It cannot be stressed how important this technique is in a lethal force situation. It is equally important that this technique is practiced to allow a seamless transition into this position.


Rule 1: Train as you fight; Fight how you train

This particular rule is not new or original. It is appropriate for any type of perishable skills training. It comes from the common knowledge that any person under the extreme stress of combat will revert to their training. One of the most regrettable in the history of the badge is the Newhall Incident, where four California Highway Patrol (CHP) officers were massacred by a couple of well-armed felons. It was routine for officers training on the range to put their expended brass in the pocket before reloading. No one can fault the slain Newhall officer who was found with expended brass in his pocket at the scene. We can only speculate that he was responding as he did in practice.

The largest percentage of officer involved shootings occurs after the sun goes down. Agencies should quit practicing under ideal conditions.

Sport shooting is great for recreational practice but there are certain bad habits one can learn. There are certain stages in sport shooting competition where shooters must stay inside of a box outline or constructed of two-by-fours or steel. A well-versed combat shooter would probably stand much further back if the box were not there.

This is not to say sport shooting stages are completely unrealistic. Shooters complete shoot/no shoot stages as fast as possible while running and reloading under time constraints. The artificial box might not always be there, but what if the combat shooter had to shoot within the constraints of a doorway or closet?

Rule 2: Slice in, slice out

Usually, it is better to back up a bit to see more targets, rather than bend around the barricade. If the officer has a lot of room behind him, he should use it. Slowly stepping back may give a better perspective. Most importantly, lead with the gun, not the forehead.

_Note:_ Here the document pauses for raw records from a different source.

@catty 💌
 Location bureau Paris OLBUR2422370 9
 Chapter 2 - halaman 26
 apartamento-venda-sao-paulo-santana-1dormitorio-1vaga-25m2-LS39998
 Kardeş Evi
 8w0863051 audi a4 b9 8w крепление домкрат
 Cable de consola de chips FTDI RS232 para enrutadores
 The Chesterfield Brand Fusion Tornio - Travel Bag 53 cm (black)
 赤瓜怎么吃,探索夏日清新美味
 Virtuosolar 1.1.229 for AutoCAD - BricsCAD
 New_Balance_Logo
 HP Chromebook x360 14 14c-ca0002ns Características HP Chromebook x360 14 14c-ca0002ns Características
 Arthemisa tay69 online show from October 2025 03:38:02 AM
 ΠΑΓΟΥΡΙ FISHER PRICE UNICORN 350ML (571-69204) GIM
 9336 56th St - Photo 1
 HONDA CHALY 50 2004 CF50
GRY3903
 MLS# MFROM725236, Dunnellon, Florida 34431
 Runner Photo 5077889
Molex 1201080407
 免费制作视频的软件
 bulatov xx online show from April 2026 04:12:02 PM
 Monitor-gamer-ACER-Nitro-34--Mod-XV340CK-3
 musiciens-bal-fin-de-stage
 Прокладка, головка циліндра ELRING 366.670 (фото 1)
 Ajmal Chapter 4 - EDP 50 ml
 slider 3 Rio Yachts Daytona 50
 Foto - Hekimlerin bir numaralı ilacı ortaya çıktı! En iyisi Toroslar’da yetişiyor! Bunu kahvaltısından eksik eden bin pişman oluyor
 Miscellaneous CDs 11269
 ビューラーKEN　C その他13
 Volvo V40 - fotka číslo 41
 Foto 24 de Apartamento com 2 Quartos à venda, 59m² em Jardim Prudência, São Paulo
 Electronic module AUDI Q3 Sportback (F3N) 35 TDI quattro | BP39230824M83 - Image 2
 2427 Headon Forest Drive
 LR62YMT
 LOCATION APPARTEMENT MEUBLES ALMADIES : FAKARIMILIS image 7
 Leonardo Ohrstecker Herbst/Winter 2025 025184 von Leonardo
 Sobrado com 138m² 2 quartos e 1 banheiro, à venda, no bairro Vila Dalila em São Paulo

Slicing means using angles to see and engage more target while exposing less. Slicing is dynamic — never done mechanically. The decision-making process should drive slicing. A common training error is slicing around the barricade to engage the first time, ducking behind cover for a reload or to work the radio and popping out the second time.

Practicing slicing into a barricade will increase the speed and decision-making process, improving the capabilities of the officer.

Rule 3: Patrol work is moving from cover to cover

Officers should also slice their way to each call. If given the choice of drifting toward an oak and strolling toward the front door of a residence, pick the oak. Officers should keep the tree between them and the greatest perceived threat. After the oak, use the light pole in front of the house, then the doorframe. This practice will augment the secondary cover an officer should always have with him: The vest.

Subtly slicing to each barricade is not hard. One should avoid predictable behavior, like walking down the sidewalk every time. Rather, officers should subtly shift their attention from object to object, prepared to put something solid in front of them.

If the officer is wise enough to slice in and out, he should also be wise enough to use cover as long as possible. That is, one should not be in any great hurry to break from cover. Every experienced officer has an example of the time when a suspect recovered from a severe shock, crash or injury and continued to fight, run or drive. Why break cover when unnecessary?

Practice malfunction drills by training on ducking, communicating, and slicing back into the shooting position. This is an excellent partner drill where one officer communicates “cover” while clearing a malfunction. The other covers his partner’s sector until he is back in the fight.

When slicing back into the barricaded position, vary the level of the muzzle. If the suspect knows the officer will reappear in approximately the same position, it is likely he will saturate this area with bullets, or at least watch this region. If the officer appeared at one level initially it may be a good idea to slice in from a kneeling or prone position. Do not expose a body part twice in succession and keep exposure time to a minimum.

There are many sound reasons why an officer should slice back into a shooting position. Officers must have “eyes on” in order to recognize changes in the tactical situation. What if the suspect is armed when the officer last viewed him before he surrendered?

Rule 4: Simple is better

It is better to master a handful of techniques then to be mediocre at dozens of techniques. This training philosophy advocates using the same shooting technique for barricade shooting as static range training or standing unsupported practice.

For the dominant side, shooting with the dominant hand and eye with the opposite foot forward agrees with the largest percentage of Modified Weaver shooters. For the other side, begin the slice with the dominant side.

A can’t of the gun toward the centerline of the barricade is normal when using the dominant hand on the support side. For threats one can hit with a thrown rock, concerns over target accuracy, and therefore the tilt of the gun, are academic. This is two eyed spontaneous shooting with visual acuity. This is fighting with a handgun, not competing for a trophy.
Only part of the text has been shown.